Heaps of twisted iron, piles of ash and a charred microphone are all that remains of Jazzamba, the iconic Addis Ababa nightclub that revived Ethiopian jazz after it had all but disappeared under Communist rule.
The fire that destroyed the venue in January has left the country’s vibrant and growing jazz scene in disarray.
“I still do not believe it,” says musician Misale Legesse, who was a regular performer at the wood-panelled club, inside the Taitu Hotel.
The century-old hotel, one of the most historic buildings in the city, gained fame as the setting for Scoop, Evelyn Waugh's 1938 satirical novel about foreign correspondents.
But the hotel’s Jazzamba bar brought prestige of another sort as it fostered a resurgence of the Horn of Africa’s unique jazz style – a genre created in the 1960s by music legend Mulatu Astatké, who fused jazz with traditional Ethiopian music.
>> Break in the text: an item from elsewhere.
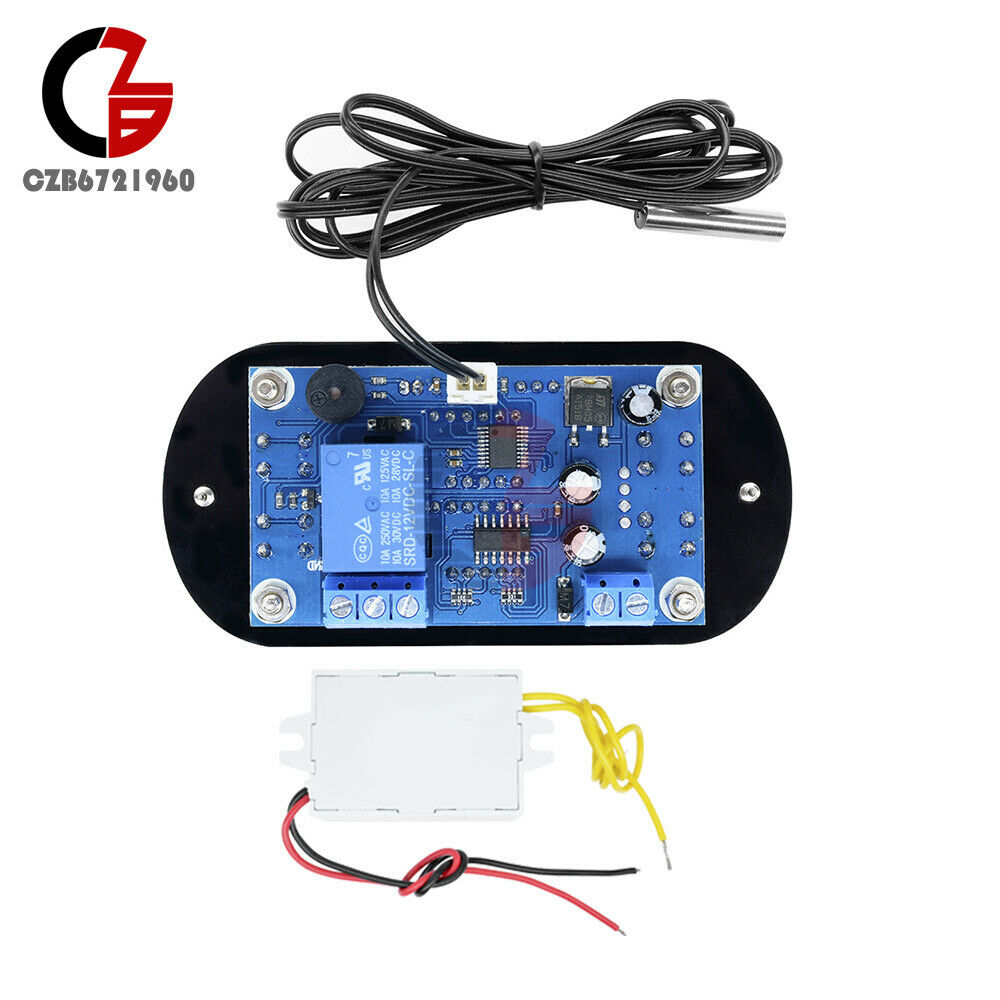 AC110V/220V 10A Red+Blue LED W1308 Thermostat Temperature Controller Sensor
“For me, it was not just a club, it was my school, where I learnt everything and played with the greatest,” Legesse says.
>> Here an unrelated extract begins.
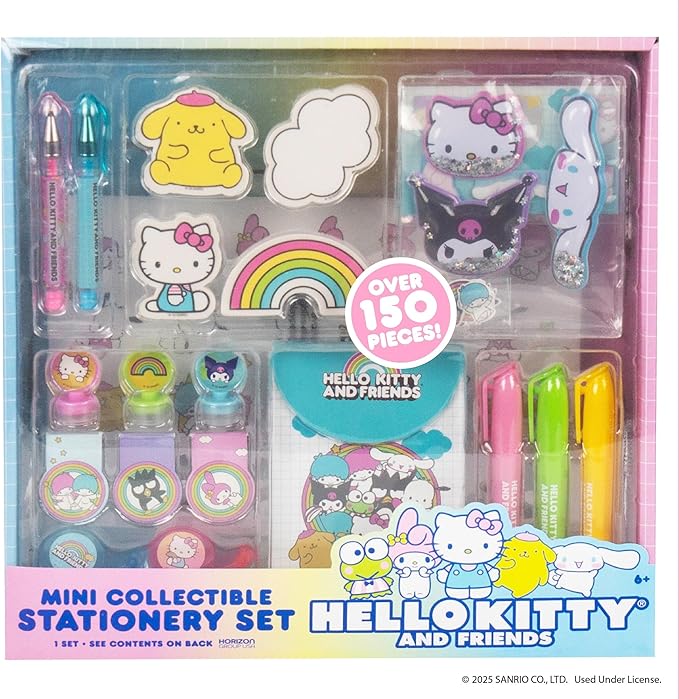Hello Kitty and Friends Mini Collectible Stationery Set, Cute Stationery, Sanrio Accessories, Cute Sticky Notes, Kawaii School Supplies, Fun Office Supplies, Kawaii Stationery, Cute Hello Kitty Stuff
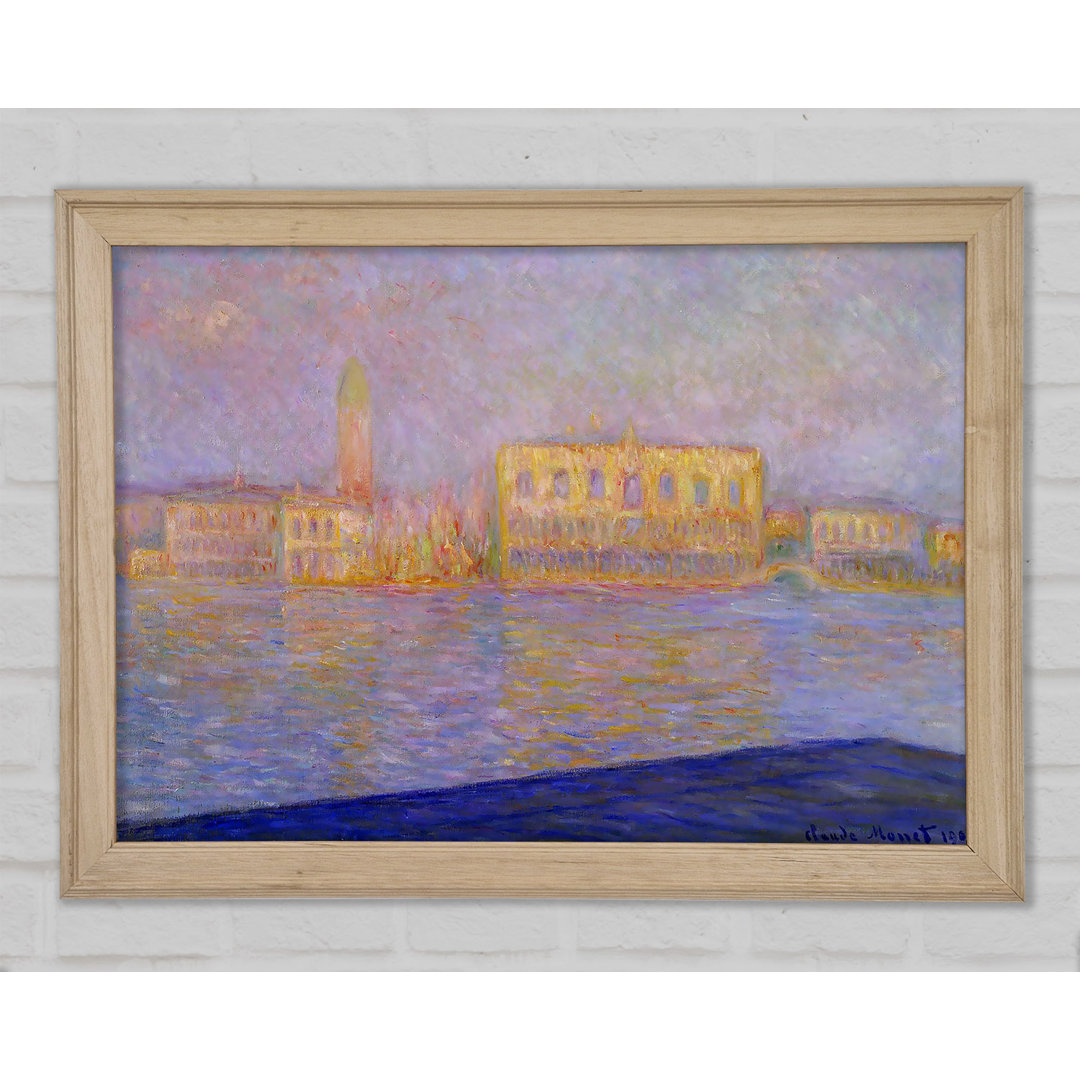 Monet Der Dogenpalast Sonnenuntergang - Einzelner Bilderrahmen Kunstdrucke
Three nights a week, the young musician would play with the big names of Ethio-jazz, such as Alemayehu Eshete or Bahta Gebrehiwot.
Jazzamba only opened four years ago but swiftly became the capital’s landmark jazz club, run and managed by the musicians themselves.
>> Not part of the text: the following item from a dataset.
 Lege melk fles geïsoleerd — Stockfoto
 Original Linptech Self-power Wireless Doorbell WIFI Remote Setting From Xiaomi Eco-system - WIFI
“Musicians from all walks of life came to play with each other – we had up to 300 or 400 people huddled in the room, and that really helped create a movement,” said Henok Temesgen, a bassist and one of the founders of the club.
Jazzamba also played a key role in the international rediscovery of the Ethio-jazz genre, forgotten by many during the hardline communist regime of Mengistu Haile Mariam, whose 17-year reign of terror ended when he was ousted in 1991.
During his rule – including the “Red Terror” purges in which tens of thousands were executed – musicians suffered years of suppression under military rule and Ethiopia’s music scene all but died.
The clubs closed and many musicians fled into exile. “Apart from songs in praise of the regime and some nightclubs, there was nothing going on,” said Temesgen.
It was not until the late 1990s that the Ethiopian jazz scene started to recover. “People no longer had the habit of listening to instrumental music,” Temesgen says. “It was necessary to have a live singer. Today, thanks to radio stations and clubs such as Jazzamba, the public is much more open to improvisation and experimental music.”
Jazzamba was the first club in Addis Ababa to offer concerts every night and to promote jazz as more than background music. Since it opened, interest in Ethio-jazz – with its distinctly non-Western scale – has grown.
“The Ethiopian music scene is very dynamic,” says Girum Mezmur, co-founder of Jazzamba. “The local public is interested more in Ethio-jazz and traditional music, and more and more people came to the concerts.”
Then the accident happened – a blaze ruled to have been accidental due to “electrical overload” and confined mainly to the jazz club.
While the fire came as a shock, Ethiopia’s jazz musicians are resilient, having weathered even worse adversity in the past, and show no sign of slowing down now. Since the fire, musicians have taken refuge at Mama’s Kitchen, a new restaurant that stages several concerts each week and aims to become a hub for the Addis music scene.
The Coffee House, one of Addis Ababa’s earliest jazz clubs, has also recently reopened after being closed for years.
Convinced that Ethio-jazz has a bright future, Mezmur and Legesse founded a music school near the capital three years ago, so far teaching about 70 students.
Income from Jazzamba paid for the school. With the venue gone, Ethiopian wine producer Awash has stepped in to fund the school for a year.
“We lost an iconic club in a place full of history, it’s true, but the music scene in Addis is not limited to Jazzamba,” Mezmur says. “I am very optimistic about the development of Ethiopian music.”